As reflected in his opinions and dissents, Stevens believed the Court should be open to all individuals, rich or poor, with no barriers of access or immunities for anyone, Schapiro said. Schapiro clerked for Stevens from August of 1991 to 1992 after sending out an application in his third year of law school.
Stevens, who announced his planned retirement on April 9 and will leave the Court when the summer recess begins, leaves behind a legacy of commitment to arriving at the right answer, Schapiro said.
“He looked at each case on its own to figure out the right answer without being especially concerned with how it would fit into some larger ideology,” Schapiro said. “He would always say to just do the right thing, and don’t worry about how it would be perceived, whether too liberal or too conservative. Just get the case right.”
According to Schapiro, Stevens subscribed to the belief that the bigger picture follows from properly deciding the individual cases — in other words, individual cases should not be decided based on how they fit into a larger view.
Some of Stevens’ most notable majority opinions include those written in Hamdan v. Rumsfeld (2006) and Clinton v. Jones (1997). In the former, Stevens upheld the view that the Constitution extended to those accused of engaging in terrorism. In Clinton v. Jones, the majority ruled that the president does not have immunity from a civil suit. Both cases articulated Stevens’ firm belief that no one should be excluded or exempt from the judicial system.
Schapiro said his experience clerking for Stevens included reviewing petitions for certiorari and working on drafting opinions. Clerks typically divide up the petitions received and write memos on those that merit analysis.
“It was nice that there’s no requirement on writing a memo for all petitions because you get the sense that the justice trusts your judgment on that,” Schapiro said. He said that since Stevens did not participate in the cert pool, where the memo written by one clerk circulates to all participating justices, he knew his memos were on important issues and were directly addressed to Stevens.
After opinions were assigned, Schapiro said, Stevens would pen the first draft before passing it on to his clerks.
“It was up to you to work on that opinion. That was frankly a daunting experience at first, and we felt constrained to change much or to expand on it,” Schapiro said. “But that’s what’s expected. You fill it in and have exchanges back and forth with the justice.”
During his clerkship, Schapiro worked on Planned Parenthood v. Casey (1992), which reaffirmed a woman’s right to abortion as established in Roe v. Wade (1973), among other cases.

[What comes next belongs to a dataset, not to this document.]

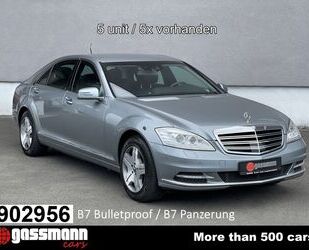 Mercedes-Benz Mercedes-Benz S 450 L CDI Guard B7 Werks Panzer Ar Gebrauchtwagen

Stevens’ departure from the Court grants President Obama a second opportunity to nominate a justice to the high court. The nomination and following confirmation process come at a time of notable polarization in Congress and will likely intersect with the midterm elections in the fall.
Several news sources have cited U.S. Solicitor General Elena Kagan, former Harvard Law School dean, as one of the frontrunners. Schapiro said Kagan would add an amount of diversity to the Court if nominated and confirmed, since she — unlike the currently sitting justices — has never served as a judge.
Schapiro said that while he has no particular preferred candidate on the short list, he hopes to see someone who remains similarly concerned with the effect of law on individuals.
“[Stevens] never lost sight of the role of law protecting individuals and on individuals. I hope his success maintains that focus,” Schapiro said.